Hyperbole and the CEO
Back in June, Senator Obama said this and we made fun of it (twice) because of the statement’s absurdity and grandiosity. Note the strangeness and inappropriateness of the phrase “absolutely certain”:
I am absolutely certain that generations from now, we will be able to look back and tell our children that this was the moment when we began to provide care for the sick and good jobs to the jobless; this was the moment when the rise of the oceans began to slow and our planet began to heal…
What a load of malarkey (BTW, remember we are the ones we’ve been waiting for?).
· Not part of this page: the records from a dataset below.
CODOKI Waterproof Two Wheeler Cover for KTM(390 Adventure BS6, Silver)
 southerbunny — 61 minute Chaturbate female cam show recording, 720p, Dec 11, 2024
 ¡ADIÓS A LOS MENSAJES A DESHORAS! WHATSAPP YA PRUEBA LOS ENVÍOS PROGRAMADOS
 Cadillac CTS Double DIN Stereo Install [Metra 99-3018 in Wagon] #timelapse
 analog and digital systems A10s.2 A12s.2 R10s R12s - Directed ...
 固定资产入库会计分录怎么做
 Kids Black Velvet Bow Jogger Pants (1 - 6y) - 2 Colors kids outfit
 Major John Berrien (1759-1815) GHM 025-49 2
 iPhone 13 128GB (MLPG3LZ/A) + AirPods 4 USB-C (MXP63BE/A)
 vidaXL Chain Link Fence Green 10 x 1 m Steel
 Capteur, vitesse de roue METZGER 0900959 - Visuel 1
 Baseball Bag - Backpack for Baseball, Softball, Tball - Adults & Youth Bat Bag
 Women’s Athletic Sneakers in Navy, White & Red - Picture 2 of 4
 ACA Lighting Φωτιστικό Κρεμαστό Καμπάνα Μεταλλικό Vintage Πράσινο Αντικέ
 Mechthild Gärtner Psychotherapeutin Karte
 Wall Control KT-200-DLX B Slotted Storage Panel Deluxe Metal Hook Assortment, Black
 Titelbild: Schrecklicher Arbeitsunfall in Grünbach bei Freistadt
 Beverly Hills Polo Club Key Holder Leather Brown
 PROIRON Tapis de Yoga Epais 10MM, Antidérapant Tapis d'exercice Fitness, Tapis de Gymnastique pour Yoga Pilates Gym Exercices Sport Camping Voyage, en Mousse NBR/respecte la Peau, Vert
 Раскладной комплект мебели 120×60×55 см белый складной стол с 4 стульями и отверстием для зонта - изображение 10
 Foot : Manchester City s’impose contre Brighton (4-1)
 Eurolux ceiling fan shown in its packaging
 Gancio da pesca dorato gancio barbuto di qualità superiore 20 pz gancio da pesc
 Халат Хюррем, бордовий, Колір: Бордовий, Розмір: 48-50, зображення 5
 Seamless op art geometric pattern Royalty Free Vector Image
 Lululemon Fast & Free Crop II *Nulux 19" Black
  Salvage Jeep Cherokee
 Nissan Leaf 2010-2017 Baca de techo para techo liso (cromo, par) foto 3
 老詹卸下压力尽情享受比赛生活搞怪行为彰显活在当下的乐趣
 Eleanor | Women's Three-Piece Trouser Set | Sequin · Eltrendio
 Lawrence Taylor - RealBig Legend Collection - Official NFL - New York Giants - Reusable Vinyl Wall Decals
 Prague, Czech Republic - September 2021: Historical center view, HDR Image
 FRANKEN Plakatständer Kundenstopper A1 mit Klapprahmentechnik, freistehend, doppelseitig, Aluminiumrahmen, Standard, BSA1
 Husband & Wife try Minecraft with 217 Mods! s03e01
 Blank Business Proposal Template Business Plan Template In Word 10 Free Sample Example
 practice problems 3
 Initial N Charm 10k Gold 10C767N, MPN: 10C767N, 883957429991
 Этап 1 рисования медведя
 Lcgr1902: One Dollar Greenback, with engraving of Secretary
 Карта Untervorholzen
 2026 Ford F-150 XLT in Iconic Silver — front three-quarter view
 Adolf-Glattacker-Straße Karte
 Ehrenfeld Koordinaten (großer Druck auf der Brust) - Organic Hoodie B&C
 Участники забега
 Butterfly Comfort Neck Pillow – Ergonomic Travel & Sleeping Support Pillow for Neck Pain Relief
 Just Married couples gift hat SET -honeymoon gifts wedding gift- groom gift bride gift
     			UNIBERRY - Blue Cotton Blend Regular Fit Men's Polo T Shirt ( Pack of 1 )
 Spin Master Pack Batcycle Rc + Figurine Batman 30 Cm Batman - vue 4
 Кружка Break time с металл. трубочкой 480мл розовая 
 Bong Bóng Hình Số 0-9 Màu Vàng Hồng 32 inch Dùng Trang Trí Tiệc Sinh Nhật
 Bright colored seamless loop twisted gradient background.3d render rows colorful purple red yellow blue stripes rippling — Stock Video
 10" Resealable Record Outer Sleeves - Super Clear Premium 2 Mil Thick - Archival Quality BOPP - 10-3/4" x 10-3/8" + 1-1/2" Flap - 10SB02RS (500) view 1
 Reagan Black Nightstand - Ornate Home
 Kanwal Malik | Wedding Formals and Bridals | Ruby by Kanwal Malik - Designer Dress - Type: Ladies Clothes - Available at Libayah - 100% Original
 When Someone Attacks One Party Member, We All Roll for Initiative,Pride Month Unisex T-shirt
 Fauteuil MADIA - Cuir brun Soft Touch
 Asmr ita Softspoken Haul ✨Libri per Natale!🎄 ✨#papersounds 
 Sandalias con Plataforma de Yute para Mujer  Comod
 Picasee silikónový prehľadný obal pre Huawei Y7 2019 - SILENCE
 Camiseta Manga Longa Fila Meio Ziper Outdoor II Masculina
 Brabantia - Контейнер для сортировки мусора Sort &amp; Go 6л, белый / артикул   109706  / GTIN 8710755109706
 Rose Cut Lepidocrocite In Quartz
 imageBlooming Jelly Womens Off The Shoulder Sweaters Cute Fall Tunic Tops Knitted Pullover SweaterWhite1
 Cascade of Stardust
You have to have fallen off the turnip truck pretty recently to go for such nonsense. However, that was a campaign. To be a candidate is one thing. To be the President and CEO of the American government is another. A CEO has to watch his words. That message apparently hasn’t gotten to the White House yet. In his Saturday address, the President served up some of the same hyperbole we’ve previously criticized:
Yesterday began with some devastating news with regard to our economic crisis…we received yet another round of alarming employment figures – the worst in more than 30 years. Another 600,000 jobs were lost in January…if we don’t move swiftly to put this plan in motion, our economic crisis could become a national catastrophe…
There are perhaps occasions for a President to use the words “devastating” and “catastrophe” to describe events in America. Pushing for a particular bill in Congress is not an appropriate occasion. A CEO ought to be restrained in the use of hyperbole because his actions and words have to roughly correlate with each other. What words will Obama have left over if and when a real catastrophe or devastating event occurs?
Thus we return to a question that no one seems to know the answer to. Does Obama really believe his exaggerated rhetoric? If the answer is yes, the implications are deeply disturbing.
Commentators have mixed views of the President’s current performance. Michael Barone notes a “coolness and sense of command” in the President’s media interviews. Maureen Dowd sees Obama as “snow-blinded”, and notes an odd comment by the President about not wanting to be “mediocre.” Mark Steyn says Obama appears to be “all at sea.” If we had to guess at this point, we think that the latter assessments are probably correct.
It is a very hard thing to be an effective CEO, or even a “mediocre” CEO. It’s not something you learn to do overnight (though some, like Harry Truman, have learned pretty fast). President Obama has no executive experience. It would be an indication that he is learning on the job if he starts cutting back on his hyperbolic rhetoric. Otherwise, it’s going to be a long four years.

February 9th, 2009 at 6:01 am
Obama’s message should be all about stimulating demand, not ending it. What a grade school loser this guy has turned out to be.
The passage of the stimulus bill would be a pyric victory at best: as no one in their right mind (who has cash) is going to spend it while the world is ending. The economy needs to wait, and heal. Debt needs to be destroyed (along with political and business careers built on the cavalier use of debt).
February 9th, 2009 at 7:42 am
…President Obama has no executive experience. It would be an indication that he is learning on the job if he starts cutting back on his hyperbolic rhetoric. Otherwise, it’s going to be a long four years.
I agree completely, just as I agreed with George Will a few months ago (italics mine):
No guarantees.
With fingers crossed, I remember that Bill Clinton got off to a very rocky start but wound up with a successful Presidency (one that would have been extremely successful if not for his personal flaws).
February 9th, 2009 at 10:21 am
…We out here in Californistan made the bad decision of electing a neophyte CEO and blowhard in The Governator. We fired our last Governor, the little gray squirell, for a $5 bil deficit and now have a $42 Bil shortfall to show for our miserable decision. Clinton had executive experience; Obama has none. It shows and will continue to haunt us for the next 4 years, which will seem like an eternity…and just might be.
February 9th, 2009 at 12:48 pm
One wonders if Obama’s rhetoric will become self-fulfilling prophesy? How many corporate managers are hearing all the doom and gloom, and while business may not be all that bad, laying off people and retrenching ‘to prepare for the worst’?